There are not many “sure things” in the transition away from fossil fuels, but here’s one: the fastest payback will come from saving energy, not from new ways to produce it.
Another perspective: If renewable energy is more expensive than fossil fueled energy during the transition, technologies that reduce energy consumption will keep overall costs level.
Here are four examples of private-stage companies whose founders -- and their venture capital supporters -- get it. These companies have products that save energy (energy = money) for companies or individuals that use PCs, drive vehicles with internal combustion engines, and work or live in buildings that use electric lighting and have windows. I’d say that includes pretty much everyone.
Verdiem Corporation, based in Seattle, has software that reduces power consumption of PCs. The company has more than 400 companies as customers for its network product, named Surveyor, including the California government which this month deployed Surveyor on 70,000 state PCs with the goal of reducing PC power consumption by up to 60 percent. Verdiem also has a version for individuals, named Edison and downloadable at no charge.
(Venture Capital support: Kleiner, Perkins, Caufield & Byers.)
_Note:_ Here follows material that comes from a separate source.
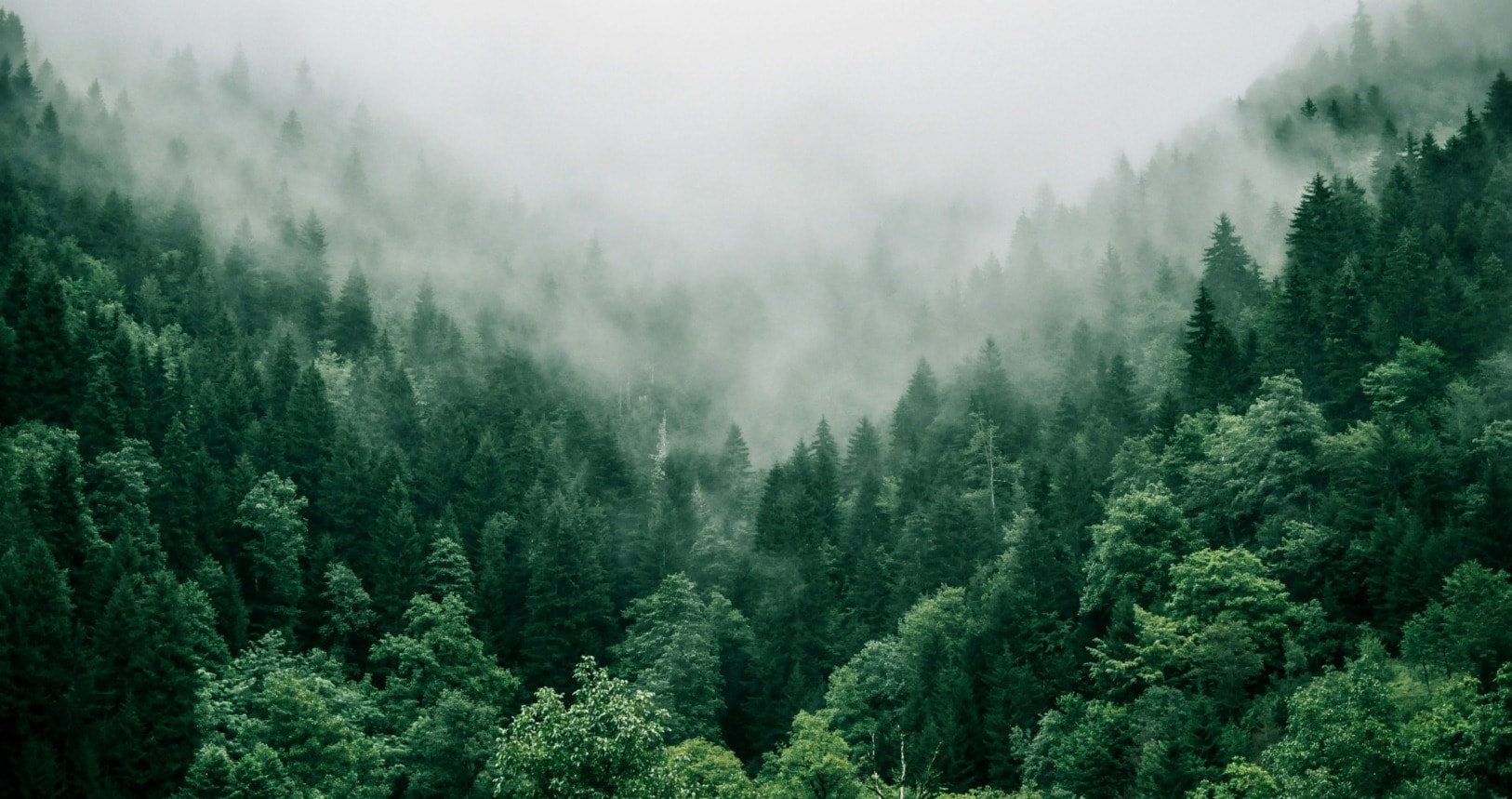 climate action in the mountains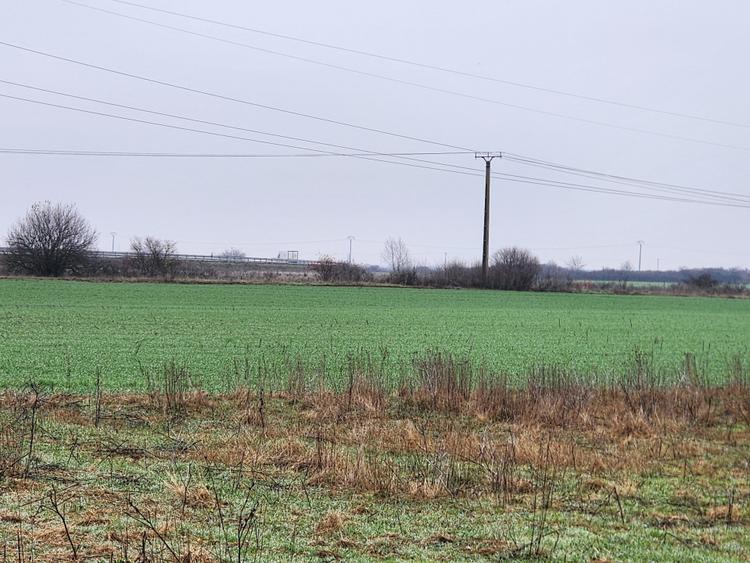 Vand teren agricol extravilan în Giroc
Transonic Combustion, Inc., headquartered in Camarillo, CA, is commercializing a fuel-injection technology that enables a lean combustion process. The result is reduced fuel consumption at a given power output.
A Transonic conventional test car the size and weight of a Toyota Prius achieved 64 miles per gallon at highway speeds, compared with the 48 mpg highway rating on the Prius. Transonic is working with three major automakers and expects the first equipped vehicles to hit the market in 2014.
Adura Technologies, Inc., based in San Francisco, develops wireless lighting control and energy management systems that make dumb lighting systems smarter.
The systems allow people to adjust commercial building lights to target just one desk or just one room instead of standard on-off functionality. The result is an improvement of 30 percent to 70 percent in electricity used for lighting. In doing so, Adura can save offices money and improve the environment for workers.
Sage Electrochromics, Inc., based in Faribault, MN, produces electronically tintable glass for building windows and skylights that can be switched from clear to darkly tinted (and from darkly tinted to clear) at the click of a button, or programmed to respond to changing sunlight and heat conditions.
Sage claims the potential to reduce building heating and air conditioning requirements by up to 25 percent, reduce cooling loads by up to 20 percent, lower peak power demand by as much as 26 percent, and reduce lighting costs by up to 60 percent.